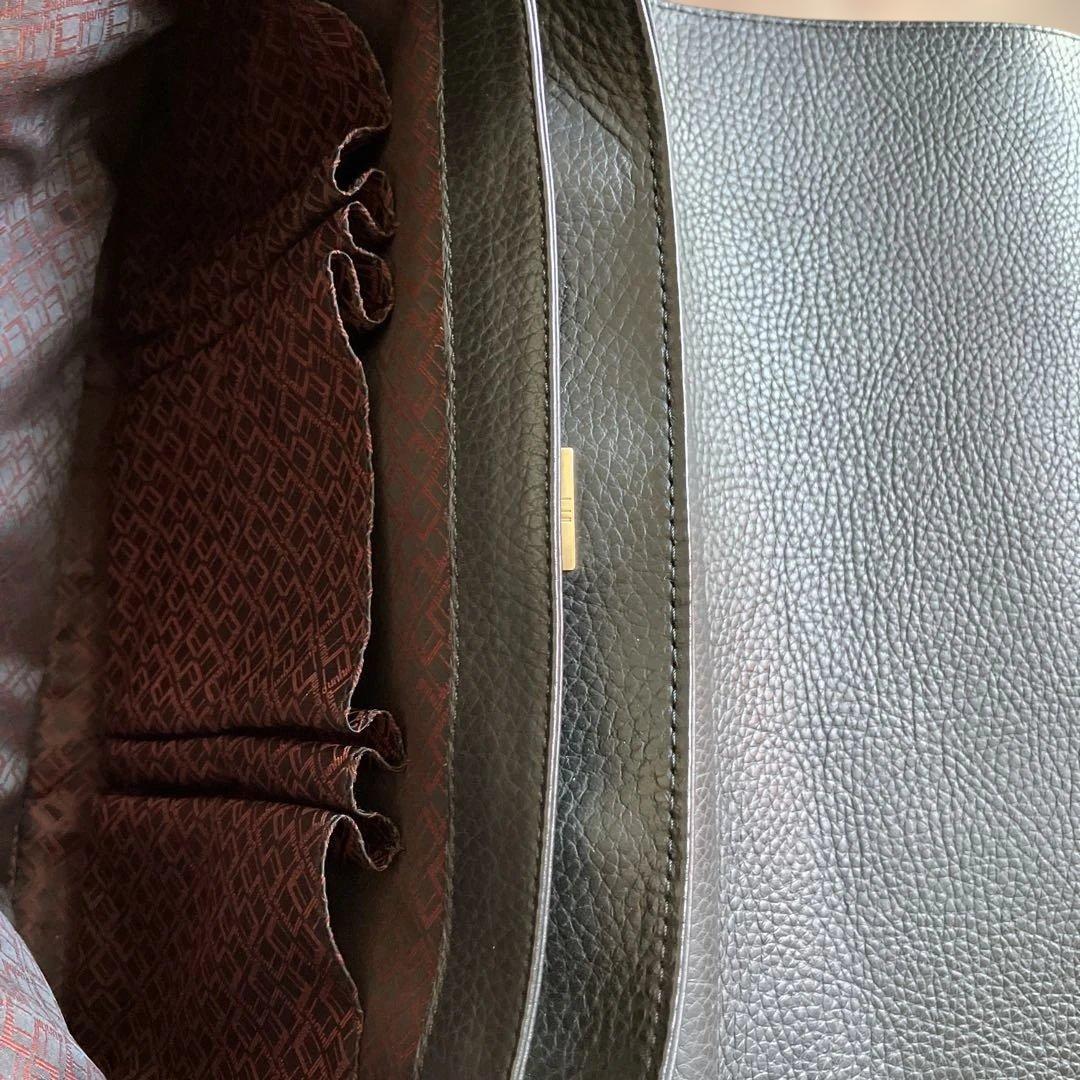 ブラックレザー ダンヒル　 ビジネスバッグ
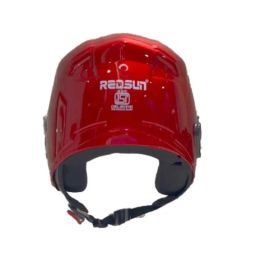 Redsun Cove Red Open Face Helmet, Size: Medium , REDSUNCOVE image 2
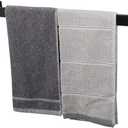 TocTen Bath Towel Rack - Square Base Thicken SUS304 Stainless Steel Towel Bar for Bathroom, Bathroom Bar Accessories Towel Rod Heavy Duty Wall Mounted Towel Holder (Matte Black, 20 Inch)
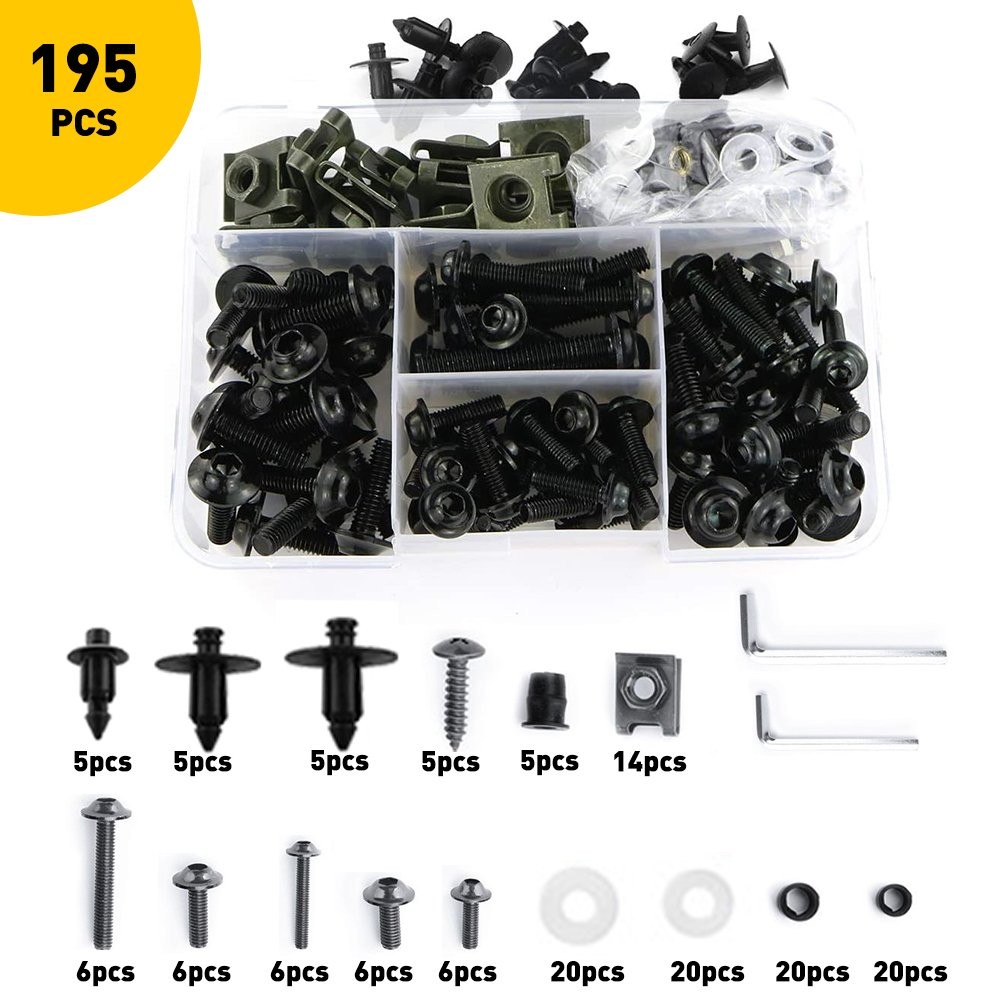 Complete Fairing Bolt Body Screws Kit Set For Yamaha YZF R6 R1 R6S YZF600R FZ6/R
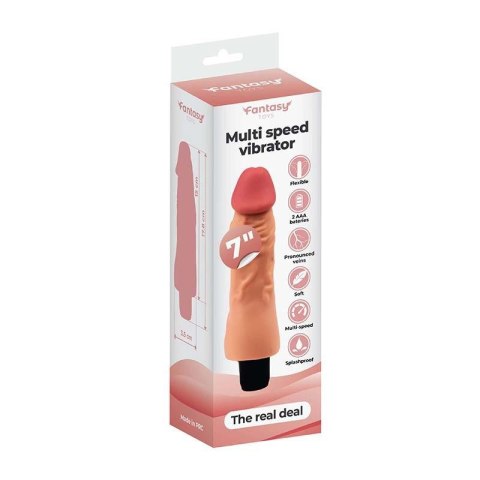 Soft Vibrator 17.8 cm - The Real Deal Fantasy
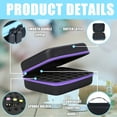 thumbnail image 3 of ZPAQI Travel Ready Essential Oils Organizer Case EVA Holds 30 Small Bottles 5-10ML, 3 of 14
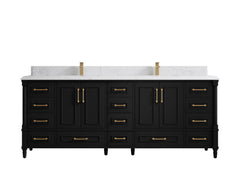 Aberdeen 84 in. W x 22 in. D Double Sink Bathroom Vanity - photo 25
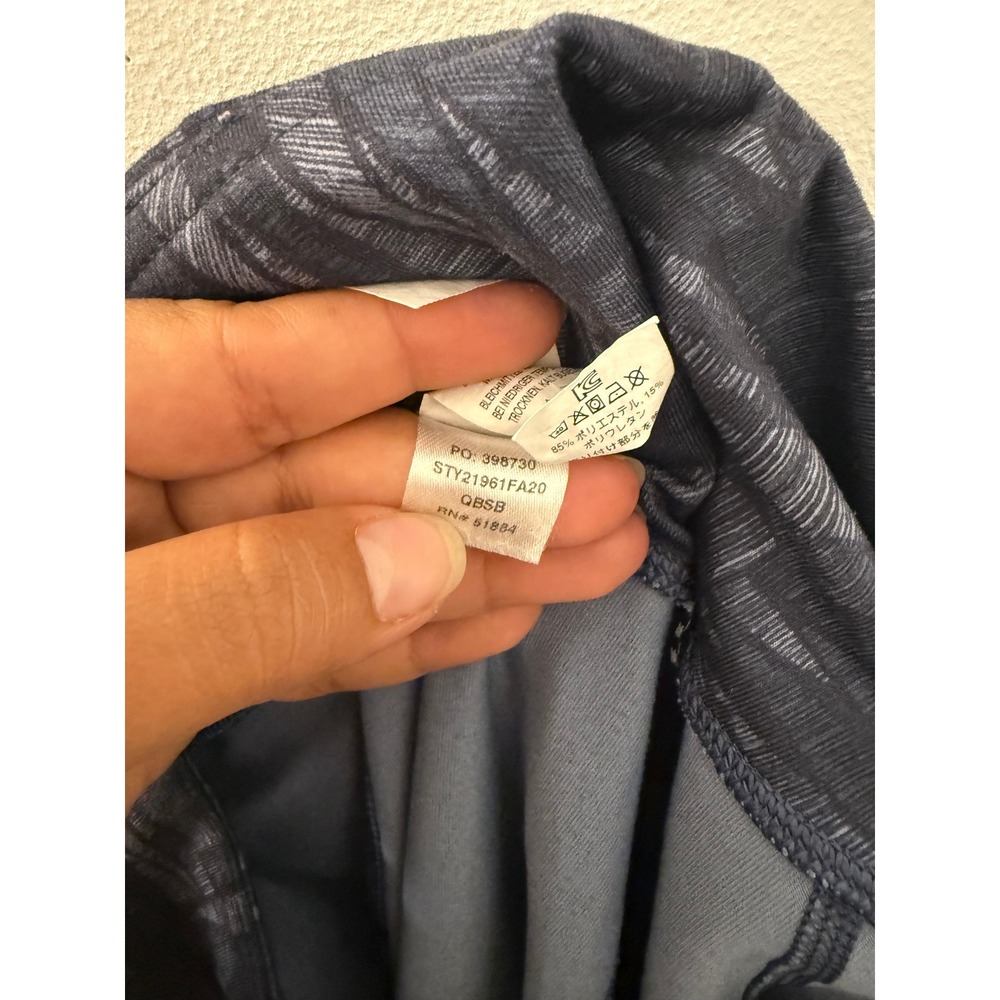 Patagonia Women's Navy Blue Abstract Centered Tight Leggings Size Small Hiking - Picture 7 of 7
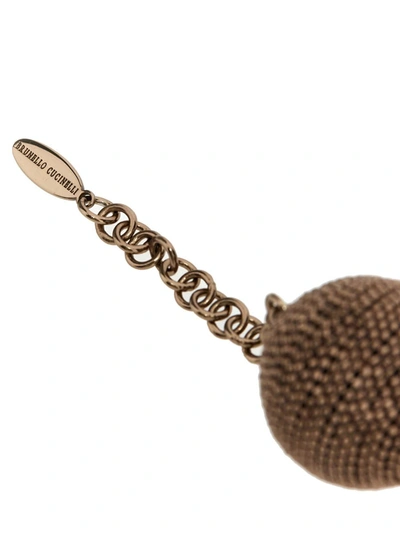 Shop Brunello Cucinelli 'sfere Monile' Necklace In Brown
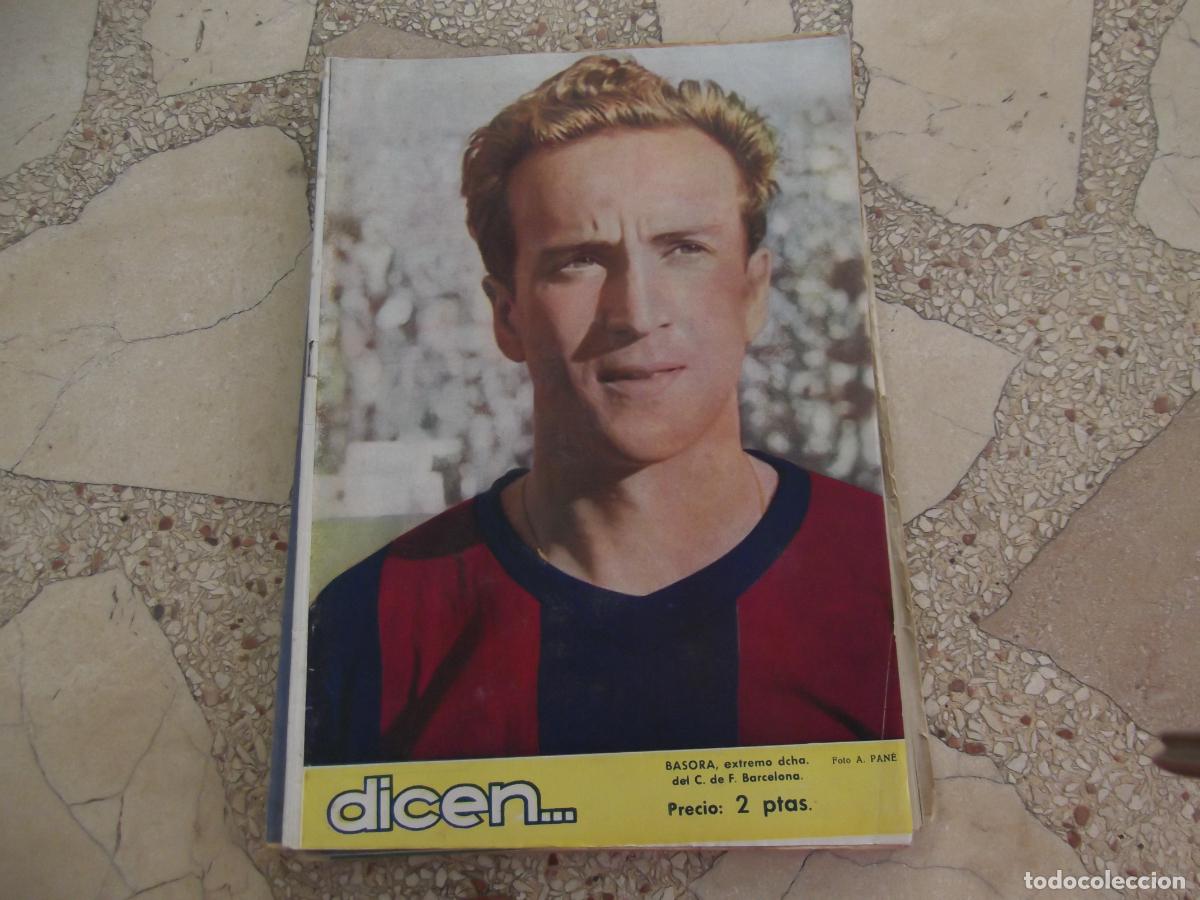 Sports collectibles: dicen...n&ordm; 134, 1955, el cine a traves de ricardo pastor, basora,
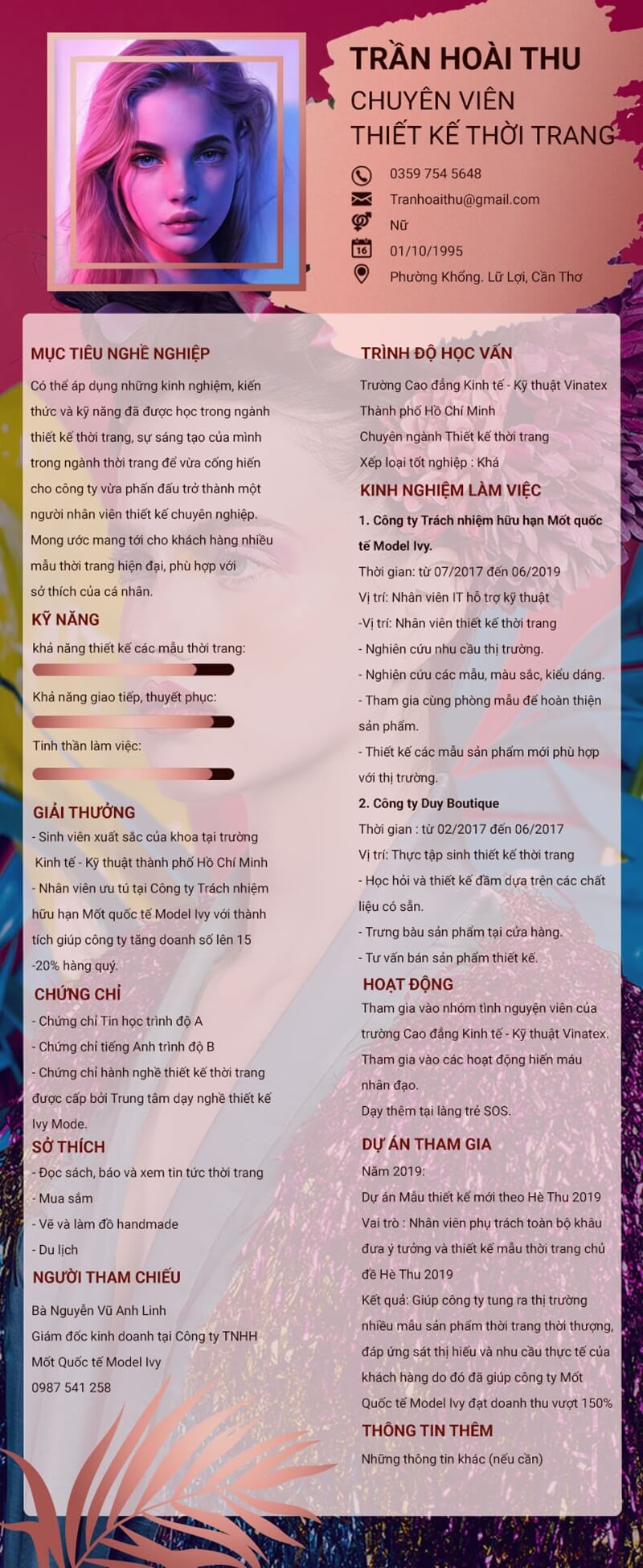 Đảm bảo hình thức CV xin việc gọn gàng, chuyên nghiệp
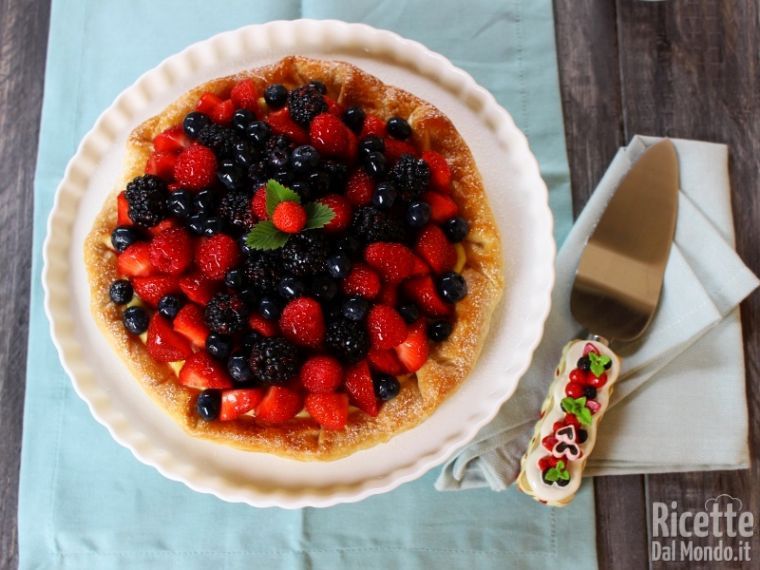 Ricetta crostata di pasta sfoglia
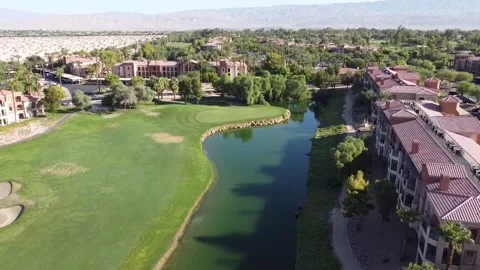 Palms Springs golfing  Video stock 182083410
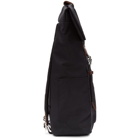 Master-Piece Co Black Two Buckles Backpack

* * *

GOAL OF THE EXERCISE:
Output each record above exactly as written. Skip any pictures.

EXERCISE SOLUTION:
 ブラックレザー ダンヒル　 ビジネスバッグ
 Redsun Cove Red Open Face Helmet, Size: Medium , REDSUNCOVE image 2
 TocTen Bath Towel Rack - Square Base Thicken SUS304 Stainless Steel Towel Bar for Bathroom, Bathroom Bar Accessories Towel Rod Heavy Duty Wall Mounted Towel Holder (Matte Black, 20 Inch)
 Complete Fairing Bolt Body Screws Kit Set For Yamaha YZF R6 R1 R6S YZF600R FZ6/R
 Soft Vibrator 17.8 cm - The Real Deal Fantasy
 thumbnail image 3 of ZPAQI Travel Ready Essential Oils Organizer Case EVA Holds 30 Small Bottles 5-10ML, 3 of 14
 Aberdeen 84 in. W x 22 in. D Double Sink Bathroom Vanity - photo 25
 Patagonia Women's Navy Blue Abstract Centered Tight Leggings Size Small Hiking - Picture 7 of 7
 Shop Brunello Cucinelli 'sfere Monile' Necklace In Brown
 Sports collectibles: dicen...n&ordm; 134, 1955, el cine a traves de ricardo pastor, basora,
 Đảm bảo hình thức CV xin việc gọn gàng, chuyên nghiệp
 Ricetta crostata di pasta sfoglia
 Palms Springs golfing  Video stock 182083410
 Master-Piece Co Black Two Buckles Backpack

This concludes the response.